HY: Every rabbi needs to look at his community and determine its true needs. The way I approach my community and its members is first to create a trusting relationship between myself and the members. I then try to meet each person in whatever state and status they currently are in – spiritually, existentially, and religiously – and to elevate them to their next level, to their next phase. It’s a daunting task, but you need to do the
best you can.
I try to achieve this by teaching and exposing our members to different Torah classes. For example, we have a morning and a night kollel open to the community. I give an hour-long class each Shabbat before Mincha on various contemporary issues in halachah. My wife is also a popular speaker here for women and gives classes on many different topics.
Additionally, my wife and I make a great effort to invite people for Shabbat meals, especially people who do not have family in Chicago. Inviting people for Shabbat not only allows us to get to know someone on a deeper, more intimate level, but opening your house also creates a more meaningful and trusting relationship.

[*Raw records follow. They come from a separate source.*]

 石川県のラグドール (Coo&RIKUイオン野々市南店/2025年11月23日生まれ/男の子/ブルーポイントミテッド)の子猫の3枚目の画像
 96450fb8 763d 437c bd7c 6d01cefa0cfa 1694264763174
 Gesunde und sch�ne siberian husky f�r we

BJL: Does your training in psychology help with your rabbinical duties?
HY: Absolutely. The skills that a person gains when training to become a psychologist become part of who they are forever. It’s like getting a permanent set of contact lenses attached to your eyes – you simply cannot take them off at will. You see the world and the people around you, even yourself, from a different lens. You have tremendous insight into people, why they behave in certain ways, and at times even predicting future behaviors. As a shul rabbi, you meet people with so many different backgrounds and personalities – you need to learn how to navigate, accept, tolerate, and love each and every one of them. But having gained the skills in psychology definitely helps in this process.

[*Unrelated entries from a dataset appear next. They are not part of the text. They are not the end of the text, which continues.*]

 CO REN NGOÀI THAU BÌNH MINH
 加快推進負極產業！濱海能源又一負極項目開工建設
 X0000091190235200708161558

What drives you to do the work that you do as a rabbi?
HY: I truly love the people with whom I work; I really care about each person that walks through my synagogue doors. I’ve cooked many, many meals for my congregants at shul functions. Although you are not likely to find many rabbis who cook for their congregants, it’s my way of showing the people in my shul how much I love and care for them – just as a parent prepares a meal and feeds his child. When you care for someone, when you know that you are making a difference in someone’s life, even when it’s not immediately evident, that’s what gives me strength – that is my drive. Playing an important in role in other people’s lives as they grow and fulfill their potential is an enormous responsibility. It has many ups and downs. But it’s greatly rewarding and it’s what keeps me going.
BJL: Do you have any particular messages for our readers based on your experiences as a Rav?

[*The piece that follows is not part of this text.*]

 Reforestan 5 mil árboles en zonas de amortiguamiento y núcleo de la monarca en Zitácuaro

HY: Seek guidance from people who are wiser than you and who have more life experience. Find someone with whom you can connect. Someone that you trust. Someone you look up to. Someone that you would like to emulate. It is difficult to navigate through life without the appropriate guidance and role models. As rabbis we hope to be that role model and guide and hope that people take the time and advantage of what we are able to offer.